Unleash AI-Powered Video Character Redraw: Transforming Videos with Style

CN
ComfyUI.org
2025-04-10 20:49:19

1. Workflow Overview

m9bcut8pbdpiuechjkw6acf8a263f6107cfe1be787f47dac5a192127eb2c95e5b29502af4c8bfad8e83.png

This workflow, named “wan2.1Fun_Video Character Redraw”, converts characters in a video into stylized images or videos using AI models.
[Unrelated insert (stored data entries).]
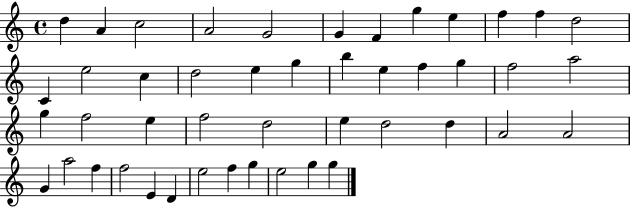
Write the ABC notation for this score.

X:1
T:Untitled
M:4/4
L:1/4
K:C
d A c2 A2 G2 G F g e f f d2 C e2 c d2 e g b e f g f2 a2 g f2 e f2 d2 e d2 d A2 A2 G a2 f f2 E D e2 f g e2 g g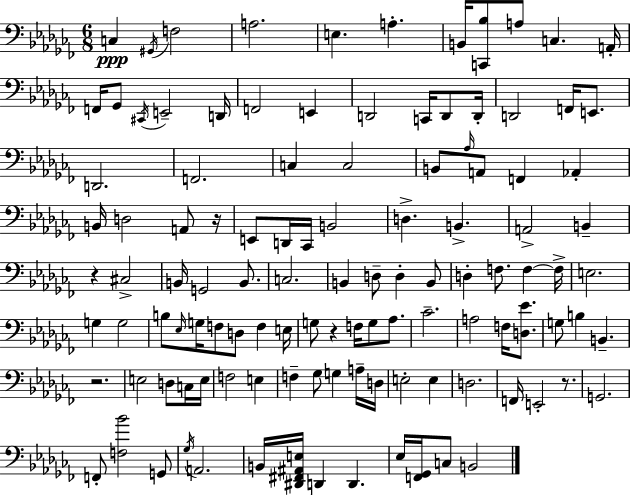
X:1
T:Untitled
M:6/8
L:1/4
K:Abm
C, ^G,,/4 F,2 A,2 E, A, B,,/4 [C,,_B,]/2 A,/2 C, A,,/4 F,,/4 _G,,/2 ^C,,/4 E,,2 D,,/4 F,,2 E,, D,,2 C,,/4 D,,/2 D,,/4 D,,2 F,,/4 E,,/2 D,,2 F,,2 C, C,2 B,,/2 _A,/4 A,,/2 F,, _A,, B,,/4 D,2 A,,/2 z/4 E,,/2 D,,/4 _C,,/4 B,,2 D, B,, A,,2 B,, z ^C,2 B,,/4 G,,2 B,,/2 C,2 B,, D,/2 D, B,,/2 D, F,/2 F, F,/4 E,2 G, G,2 B,/2 _E,/4 G,/4 F,/2 D,/2 F, E,/4 G,/2 z F,/4 G,/2 _A,/2 _C2 A,2 F,/4 [D,_E]/2 G,/2 B, B,, z2 E,2 D,/2 C,/4 E,/4 F,2 E, F, _G,/2 G, A,/4 D,/4 E,2 E, D,2 F,,/4 E,,2 z/2 G,,2 F,,/2 [F,_B]2 G,,/2 _G,/4 A,,2 B,,/4 [^D,,^F,,^A,,E,]/4 D,, D,, _E,/4 [F,,_G,,]/4 C,/2 B,,2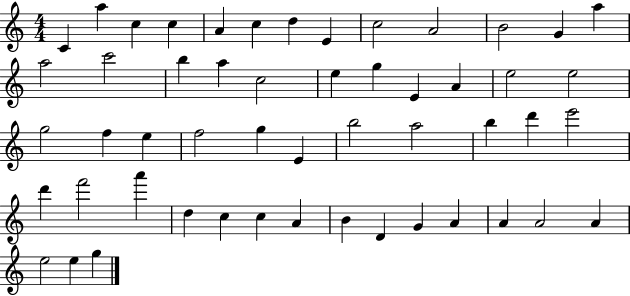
{
  \clef treble
  \numericTimeSignature
  \time 4/4
  \key c \major
  c'4 a''4 c''4 c''4 | a'4 c''4 d''4 e'4 | c''2 a'2 | b'2 g'4 a''4 | \break a''2 c'''2 | b''4 a''4 c''2 | e''4 g''4 e'4 a'4 | e''2 e''2 | \break g''2 f''4 e''4 | f''2 g''4 e'4 | b''2 a''2 | b''4 d'''4 e'''2 | \break d'''4 f'''2 a'''4 | d''4 c''4 c''4 a'4 | b'4 d'4 g'4 a'4 | a'4 a'2 a'4 | \break e''2 e''4 g''4 | \bar "|."
}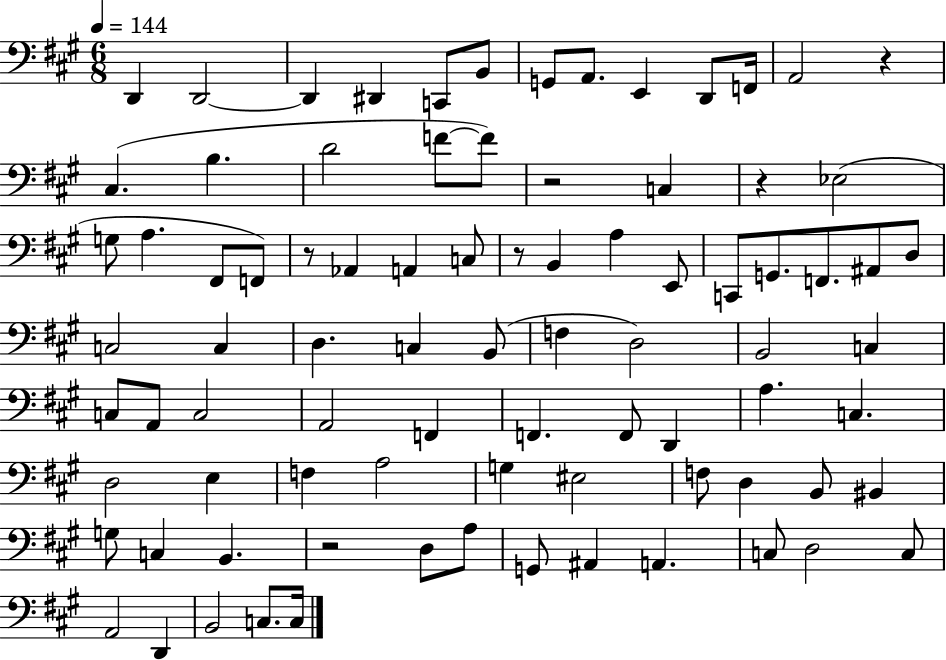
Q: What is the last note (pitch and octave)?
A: C3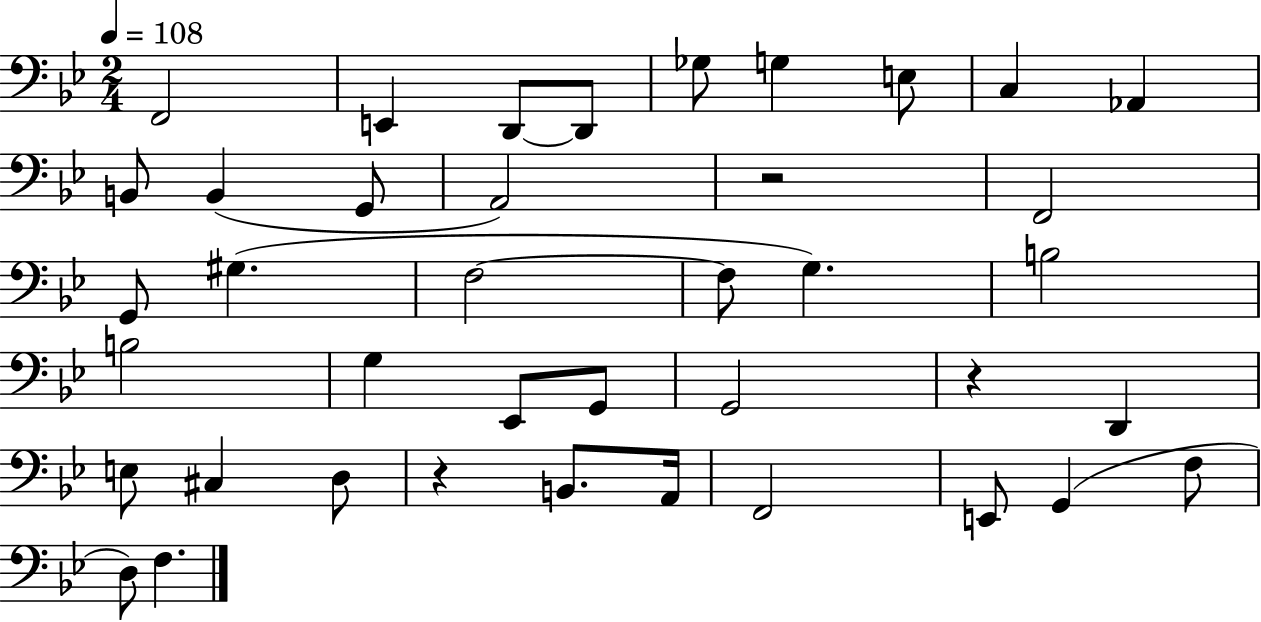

Key technologies include:

  • Frame Extraction: Extracts key frames from input video.

  • Segmentation & Pose Detection: Uses GroundingDino+SAM for person segmentation and Openpose for pose keypoints.

  • Text/Image-Guided Generation: Generates new content via Stable Diffusion (Wan2.1-Fun-Control).

  • Video Synthesis: Combines frames into a final video.

2. Core Models

  1. Stable Diffusion (Wan2.1-Fun-Control-14B)

    • Purpose: Generates high-quality images/videos from text/image prompts.

    • Model File: Wan2.1-Fun-Control-14B_fp8_e4m3fn.safetensors.

  2. GroundingDino + SAM

    • Purpose: Detects and segments characters (e.g., man label).

    • Model Files: GroundingDINO_SwinT_OGC, sam_vit_b_01ec64.pth.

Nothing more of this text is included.